35. Much Ado About Nothing
Joss Whedon can probably do anything. From taking the charred embers of the failure of his Buffy film script and turning it into not one, but two, successful TV series to managing to make The Avengers a box office behemoth that has guaranteed the future of Marvel films for another decade, he’s had the magic touch and if he put his mind to world peace, he’d probably give it a good go. In a manner that’s almost showing off, he regularly gathers actor friends together to read Shakespeare at his house and committed this production to film in his back garden. It’s got a lightness of touch and glosses over some unlikely Shakespearean plot twists with its winning performances. If you’ve got a kitten stuck in a tree or see a school bus with its brakes cut, Whedon’s probably your go-to guy.
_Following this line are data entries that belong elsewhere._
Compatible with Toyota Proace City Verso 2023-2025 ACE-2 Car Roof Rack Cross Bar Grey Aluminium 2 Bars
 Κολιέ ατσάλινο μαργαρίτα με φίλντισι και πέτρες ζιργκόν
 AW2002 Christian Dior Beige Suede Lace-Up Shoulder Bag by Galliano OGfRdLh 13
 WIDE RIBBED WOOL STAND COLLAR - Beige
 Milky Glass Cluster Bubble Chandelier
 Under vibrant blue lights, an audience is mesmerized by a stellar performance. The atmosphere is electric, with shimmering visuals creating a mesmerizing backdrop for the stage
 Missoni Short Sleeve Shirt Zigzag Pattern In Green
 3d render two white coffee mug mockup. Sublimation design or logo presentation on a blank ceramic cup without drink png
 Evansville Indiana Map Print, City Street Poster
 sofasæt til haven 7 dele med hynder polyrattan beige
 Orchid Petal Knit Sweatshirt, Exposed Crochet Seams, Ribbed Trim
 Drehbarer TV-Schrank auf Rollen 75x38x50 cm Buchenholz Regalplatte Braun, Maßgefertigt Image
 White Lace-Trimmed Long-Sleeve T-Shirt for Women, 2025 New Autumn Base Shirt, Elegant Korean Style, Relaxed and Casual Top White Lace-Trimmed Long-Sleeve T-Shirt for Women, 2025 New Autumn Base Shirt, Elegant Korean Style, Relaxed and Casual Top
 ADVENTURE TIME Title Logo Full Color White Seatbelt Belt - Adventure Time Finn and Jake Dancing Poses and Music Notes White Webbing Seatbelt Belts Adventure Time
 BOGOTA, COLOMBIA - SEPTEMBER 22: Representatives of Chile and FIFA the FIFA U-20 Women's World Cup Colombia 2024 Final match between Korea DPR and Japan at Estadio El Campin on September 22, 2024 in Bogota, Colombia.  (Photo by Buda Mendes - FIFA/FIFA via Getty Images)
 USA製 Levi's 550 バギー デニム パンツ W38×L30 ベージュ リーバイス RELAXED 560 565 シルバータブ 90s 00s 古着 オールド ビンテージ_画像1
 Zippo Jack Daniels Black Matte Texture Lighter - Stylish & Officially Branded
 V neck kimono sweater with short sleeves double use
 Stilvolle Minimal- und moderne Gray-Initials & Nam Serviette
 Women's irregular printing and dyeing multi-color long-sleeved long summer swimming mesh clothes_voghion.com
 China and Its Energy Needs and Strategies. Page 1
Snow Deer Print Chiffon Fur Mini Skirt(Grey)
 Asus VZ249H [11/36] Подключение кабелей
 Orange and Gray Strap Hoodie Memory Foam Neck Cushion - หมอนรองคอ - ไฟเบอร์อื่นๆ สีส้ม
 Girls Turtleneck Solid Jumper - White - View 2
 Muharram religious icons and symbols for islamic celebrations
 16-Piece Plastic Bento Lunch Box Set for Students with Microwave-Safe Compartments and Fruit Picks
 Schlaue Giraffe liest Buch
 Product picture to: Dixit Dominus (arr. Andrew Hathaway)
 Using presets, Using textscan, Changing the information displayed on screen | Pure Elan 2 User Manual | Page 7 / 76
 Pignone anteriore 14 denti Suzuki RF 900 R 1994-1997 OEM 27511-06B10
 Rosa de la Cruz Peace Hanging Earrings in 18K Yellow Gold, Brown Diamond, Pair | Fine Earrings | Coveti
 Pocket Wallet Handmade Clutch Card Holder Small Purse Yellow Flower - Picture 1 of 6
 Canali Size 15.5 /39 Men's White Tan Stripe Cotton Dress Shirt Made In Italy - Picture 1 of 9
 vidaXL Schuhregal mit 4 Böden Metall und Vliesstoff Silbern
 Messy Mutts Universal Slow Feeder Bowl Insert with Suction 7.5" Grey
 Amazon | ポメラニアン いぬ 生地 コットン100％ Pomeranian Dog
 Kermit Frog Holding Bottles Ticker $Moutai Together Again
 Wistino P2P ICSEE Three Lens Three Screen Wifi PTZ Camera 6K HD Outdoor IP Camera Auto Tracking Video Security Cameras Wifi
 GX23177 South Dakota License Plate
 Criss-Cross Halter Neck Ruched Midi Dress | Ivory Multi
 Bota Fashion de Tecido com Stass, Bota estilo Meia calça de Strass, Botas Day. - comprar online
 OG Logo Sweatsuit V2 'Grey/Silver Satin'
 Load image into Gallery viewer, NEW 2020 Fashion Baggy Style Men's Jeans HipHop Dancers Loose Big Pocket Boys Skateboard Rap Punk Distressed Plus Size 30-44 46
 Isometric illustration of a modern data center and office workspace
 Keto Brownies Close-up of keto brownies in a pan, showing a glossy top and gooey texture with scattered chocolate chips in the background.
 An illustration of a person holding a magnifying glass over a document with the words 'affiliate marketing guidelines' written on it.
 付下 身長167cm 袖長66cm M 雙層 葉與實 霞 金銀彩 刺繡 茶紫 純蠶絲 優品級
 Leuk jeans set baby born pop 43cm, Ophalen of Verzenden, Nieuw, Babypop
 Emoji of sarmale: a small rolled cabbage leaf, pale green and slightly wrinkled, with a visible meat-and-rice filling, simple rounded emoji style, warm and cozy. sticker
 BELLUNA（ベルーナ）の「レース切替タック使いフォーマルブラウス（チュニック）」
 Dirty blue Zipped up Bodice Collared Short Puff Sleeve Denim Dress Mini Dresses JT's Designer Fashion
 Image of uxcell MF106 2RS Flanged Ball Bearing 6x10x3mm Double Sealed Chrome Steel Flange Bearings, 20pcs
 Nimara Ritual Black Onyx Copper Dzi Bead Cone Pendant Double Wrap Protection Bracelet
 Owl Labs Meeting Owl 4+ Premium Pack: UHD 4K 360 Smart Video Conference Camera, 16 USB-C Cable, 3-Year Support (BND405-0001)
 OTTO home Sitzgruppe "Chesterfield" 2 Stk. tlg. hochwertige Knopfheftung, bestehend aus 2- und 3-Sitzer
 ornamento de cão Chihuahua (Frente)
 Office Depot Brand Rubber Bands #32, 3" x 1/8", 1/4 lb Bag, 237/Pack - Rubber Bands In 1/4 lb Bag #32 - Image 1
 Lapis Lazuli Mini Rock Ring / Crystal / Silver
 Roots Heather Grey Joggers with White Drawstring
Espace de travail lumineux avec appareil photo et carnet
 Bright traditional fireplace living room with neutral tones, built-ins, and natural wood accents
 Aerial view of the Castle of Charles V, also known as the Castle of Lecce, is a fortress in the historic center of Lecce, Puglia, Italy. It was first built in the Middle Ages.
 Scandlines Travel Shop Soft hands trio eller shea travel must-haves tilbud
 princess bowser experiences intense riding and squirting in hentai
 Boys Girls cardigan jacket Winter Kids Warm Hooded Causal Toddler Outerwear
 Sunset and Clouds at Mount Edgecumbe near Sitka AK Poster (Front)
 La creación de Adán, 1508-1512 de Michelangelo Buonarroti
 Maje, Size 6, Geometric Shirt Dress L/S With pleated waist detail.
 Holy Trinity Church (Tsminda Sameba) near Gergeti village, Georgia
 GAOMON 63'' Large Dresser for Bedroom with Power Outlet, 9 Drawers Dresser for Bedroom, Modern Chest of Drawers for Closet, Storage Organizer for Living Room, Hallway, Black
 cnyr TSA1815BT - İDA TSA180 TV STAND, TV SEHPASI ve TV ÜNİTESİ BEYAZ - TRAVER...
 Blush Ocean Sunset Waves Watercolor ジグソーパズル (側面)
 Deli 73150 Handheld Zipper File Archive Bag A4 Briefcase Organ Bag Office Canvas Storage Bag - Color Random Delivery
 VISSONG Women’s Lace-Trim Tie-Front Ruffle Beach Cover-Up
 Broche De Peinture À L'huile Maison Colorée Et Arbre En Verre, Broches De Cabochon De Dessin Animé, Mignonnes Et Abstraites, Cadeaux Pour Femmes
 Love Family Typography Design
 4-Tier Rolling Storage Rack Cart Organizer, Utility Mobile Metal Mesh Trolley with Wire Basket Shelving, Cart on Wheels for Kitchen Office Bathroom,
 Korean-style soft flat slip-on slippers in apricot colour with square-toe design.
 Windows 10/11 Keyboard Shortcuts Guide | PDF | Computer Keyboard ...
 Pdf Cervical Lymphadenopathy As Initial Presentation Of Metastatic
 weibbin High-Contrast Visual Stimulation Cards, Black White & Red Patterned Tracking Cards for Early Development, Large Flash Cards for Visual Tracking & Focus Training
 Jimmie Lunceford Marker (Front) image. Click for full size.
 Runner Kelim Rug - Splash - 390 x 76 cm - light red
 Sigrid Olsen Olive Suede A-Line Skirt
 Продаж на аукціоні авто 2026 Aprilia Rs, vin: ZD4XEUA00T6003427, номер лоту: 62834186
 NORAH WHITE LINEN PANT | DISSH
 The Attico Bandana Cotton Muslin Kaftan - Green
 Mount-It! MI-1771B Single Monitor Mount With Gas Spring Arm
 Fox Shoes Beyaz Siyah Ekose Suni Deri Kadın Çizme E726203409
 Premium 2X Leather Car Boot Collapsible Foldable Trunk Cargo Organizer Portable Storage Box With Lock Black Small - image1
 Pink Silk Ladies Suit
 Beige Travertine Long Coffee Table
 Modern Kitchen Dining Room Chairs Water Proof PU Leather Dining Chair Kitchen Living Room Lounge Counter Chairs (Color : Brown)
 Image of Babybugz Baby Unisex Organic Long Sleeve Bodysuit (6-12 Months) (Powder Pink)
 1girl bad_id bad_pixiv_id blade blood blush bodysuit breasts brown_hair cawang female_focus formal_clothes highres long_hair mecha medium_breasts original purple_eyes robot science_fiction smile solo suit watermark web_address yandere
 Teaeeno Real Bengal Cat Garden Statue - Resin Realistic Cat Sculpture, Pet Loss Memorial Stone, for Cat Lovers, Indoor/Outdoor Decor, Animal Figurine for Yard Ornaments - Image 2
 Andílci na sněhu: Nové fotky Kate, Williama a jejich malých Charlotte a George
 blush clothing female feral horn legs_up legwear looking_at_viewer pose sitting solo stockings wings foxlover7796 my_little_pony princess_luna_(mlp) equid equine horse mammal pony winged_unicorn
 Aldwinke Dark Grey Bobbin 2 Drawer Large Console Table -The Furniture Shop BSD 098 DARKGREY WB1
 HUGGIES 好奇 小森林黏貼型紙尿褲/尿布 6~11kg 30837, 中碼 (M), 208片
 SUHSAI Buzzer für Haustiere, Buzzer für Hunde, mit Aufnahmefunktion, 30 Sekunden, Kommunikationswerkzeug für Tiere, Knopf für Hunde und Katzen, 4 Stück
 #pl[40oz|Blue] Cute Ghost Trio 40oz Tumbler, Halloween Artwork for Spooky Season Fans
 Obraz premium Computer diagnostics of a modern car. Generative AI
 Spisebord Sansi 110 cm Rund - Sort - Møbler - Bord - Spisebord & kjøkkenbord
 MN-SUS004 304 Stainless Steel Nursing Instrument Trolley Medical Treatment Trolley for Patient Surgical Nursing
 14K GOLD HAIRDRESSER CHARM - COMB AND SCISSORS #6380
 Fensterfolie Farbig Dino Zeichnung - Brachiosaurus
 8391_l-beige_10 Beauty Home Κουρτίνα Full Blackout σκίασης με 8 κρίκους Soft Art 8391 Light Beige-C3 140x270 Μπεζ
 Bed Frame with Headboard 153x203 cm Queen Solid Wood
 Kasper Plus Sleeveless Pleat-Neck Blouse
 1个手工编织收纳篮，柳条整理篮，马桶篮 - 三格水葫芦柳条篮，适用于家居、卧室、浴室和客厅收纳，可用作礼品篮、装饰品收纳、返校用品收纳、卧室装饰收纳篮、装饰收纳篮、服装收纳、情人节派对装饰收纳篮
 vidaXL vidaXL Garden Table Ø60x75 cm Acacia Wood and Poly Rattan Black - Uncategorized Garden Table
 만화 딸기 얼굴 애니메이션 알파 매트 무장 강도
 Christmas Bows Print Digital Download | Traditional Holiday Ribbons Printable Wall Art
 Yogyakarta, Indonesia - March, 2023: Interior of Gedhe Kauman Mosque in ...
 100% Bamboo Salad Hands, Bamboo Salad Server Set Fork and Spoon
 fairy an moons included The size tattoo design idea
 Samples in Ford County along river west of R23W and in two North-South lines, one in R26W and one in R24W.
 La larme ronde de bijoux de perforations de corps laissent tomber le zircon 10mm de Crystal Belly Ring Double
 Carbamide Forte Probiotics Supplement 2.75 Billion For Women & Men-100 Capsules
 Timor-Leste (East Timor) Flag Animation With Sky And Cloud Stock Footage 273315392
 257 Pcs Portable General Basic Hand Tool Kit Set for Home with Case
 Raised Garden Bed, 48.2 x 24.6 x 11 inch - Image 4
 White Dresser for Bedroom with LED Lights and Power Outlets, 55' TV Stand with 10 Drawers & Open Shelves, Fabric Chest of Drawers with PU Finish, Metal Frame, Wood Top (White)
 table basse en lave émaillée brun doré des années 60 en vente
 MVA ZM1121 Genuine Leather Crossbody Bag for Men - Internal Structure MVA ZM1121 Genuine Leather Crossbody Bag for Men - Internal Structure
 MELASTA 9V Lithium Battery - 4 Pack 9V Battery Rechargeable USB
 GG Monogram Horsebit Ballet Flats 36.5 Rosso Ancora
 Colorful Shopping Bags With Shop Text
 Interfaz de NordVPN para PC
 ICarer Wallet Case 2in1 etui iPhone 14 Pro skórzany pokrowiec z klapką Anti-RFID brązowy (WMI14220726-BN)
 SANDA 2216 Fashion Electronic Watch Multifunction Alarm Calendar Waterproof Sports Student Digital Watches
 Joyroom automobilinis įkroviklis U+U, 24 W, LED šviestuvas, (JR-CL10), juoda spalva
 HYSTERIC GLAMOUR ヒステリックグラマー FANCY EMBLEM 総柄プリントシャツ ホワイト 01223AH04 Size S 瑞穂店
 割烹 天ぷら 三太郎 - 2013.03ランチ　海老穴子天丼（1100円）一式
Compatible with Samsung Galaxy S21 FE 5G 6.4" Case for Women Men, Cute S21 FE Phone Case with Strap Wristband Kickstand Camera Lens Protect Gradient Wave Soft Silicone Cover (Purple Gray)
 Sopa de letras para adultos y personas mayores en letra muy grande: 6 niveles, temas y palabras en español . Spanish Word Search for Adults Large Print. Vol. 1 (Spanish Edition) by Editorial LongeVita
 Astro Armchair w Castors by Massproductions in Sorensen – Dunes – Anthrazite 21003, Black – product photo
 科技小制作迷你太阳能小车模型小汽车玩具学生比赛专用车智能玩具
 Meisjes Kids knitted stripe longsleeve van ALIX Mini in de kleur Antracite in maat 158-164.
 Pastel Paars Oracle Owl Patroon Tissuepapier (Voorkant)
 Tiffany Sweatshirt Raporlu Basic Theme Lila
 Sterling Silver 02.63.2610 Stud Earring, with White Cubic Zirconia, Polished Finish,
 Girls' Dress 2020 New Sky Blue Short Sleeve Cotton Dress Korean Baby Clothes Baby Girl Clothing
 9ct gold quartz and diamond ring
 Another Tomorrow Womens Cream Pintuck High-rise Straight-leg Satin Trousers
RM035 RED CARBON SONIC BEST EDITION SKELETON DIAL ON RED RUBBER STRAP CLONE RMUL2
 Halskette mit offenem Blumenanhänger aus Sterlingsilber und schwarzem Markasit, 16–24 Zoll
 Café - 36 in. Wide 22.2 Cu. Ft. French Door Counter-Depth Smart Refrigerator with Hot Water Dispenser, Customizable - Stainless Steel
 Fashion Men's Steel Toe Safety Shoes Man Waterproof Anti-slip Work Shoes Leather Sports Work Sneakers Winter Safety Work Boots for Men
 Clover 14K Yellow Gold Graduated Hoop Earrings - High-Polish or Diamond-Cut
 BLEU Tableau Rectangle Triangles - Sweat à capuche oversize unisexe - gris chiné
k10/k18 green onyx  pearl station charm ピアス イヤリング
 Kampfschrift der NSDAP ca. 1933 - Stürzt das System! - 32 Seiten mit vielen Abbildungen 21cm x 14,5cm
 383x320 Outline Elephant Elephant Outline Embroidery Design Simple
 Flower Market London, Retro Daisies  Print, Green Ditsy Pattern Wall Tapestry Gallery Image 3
34. The Place Beyond The Pines
The Place Beyond The Pines justifies a place on this list based on the first of its three acts. Derek Cianfrance’s experiment to focus on three different perspectives of the same story (Ryan Gosling, Bradley Cooper and Dane De Haan respectively) works less well as time passes, but is nevertheless to be commended for the attempt. What works, works like gangbusters and from the intense opening tracking shot, whenever Gosling’s on screen he proves he’s got detached brooding down to a tee. Cooper and De Haan are good and supported well by a cast including Eva Mendes, Ben Mendelssohn and Ray Liotta, but ultimately it falls short of being the classic promised by the early scenes.
33. The Way Way Back
One of two summer holiday, coming of age films on the list and the more financially successful of the two, Nat Faxon and Jim Rash’s screenplay for their directorial debut is a world away from their Alexander Payne collaboration The Descendants. It’s not afraid to cast Steve Carell against type or Sam Rockwell very much in type, and it’s anchored by an evolving performance from youngster Liam James. Happy to confess a soft spot for Jim Rash thanks to becoming hooked on Community (where he plays the overenthusiastic Dean Pelton), it’s nice to see that he and Faxon – who also have small supporting roles – are capable of making it on their own. While there’s a host of great support from the likes of Alison Janney and Maya Angelou, it’s Rockwell who marches off with every single scene he’s in.
32. I Wish
It’s taken two years for Hirokazu Koreeda’s eighth narrative feature film to make it into UK cinemas, so long that his ninth (Like Father, Like Son) also made it to these shores this year. I still feel like I’m dipping my toes into Japanese cinema, but the waters around Koreeda seem warm and embracing and my toes feel quite comfortable on this evidence. Centred around the adventures of two groups of children, each with a child from the same family divided by their parents separation and by geography, Koreeda didn’t finish the script until he’d cast the children and their delightful innocence is well contrasted with the world-weariness of the elder generation of their family. A loving examination of the nature of family, friendship and growing-up.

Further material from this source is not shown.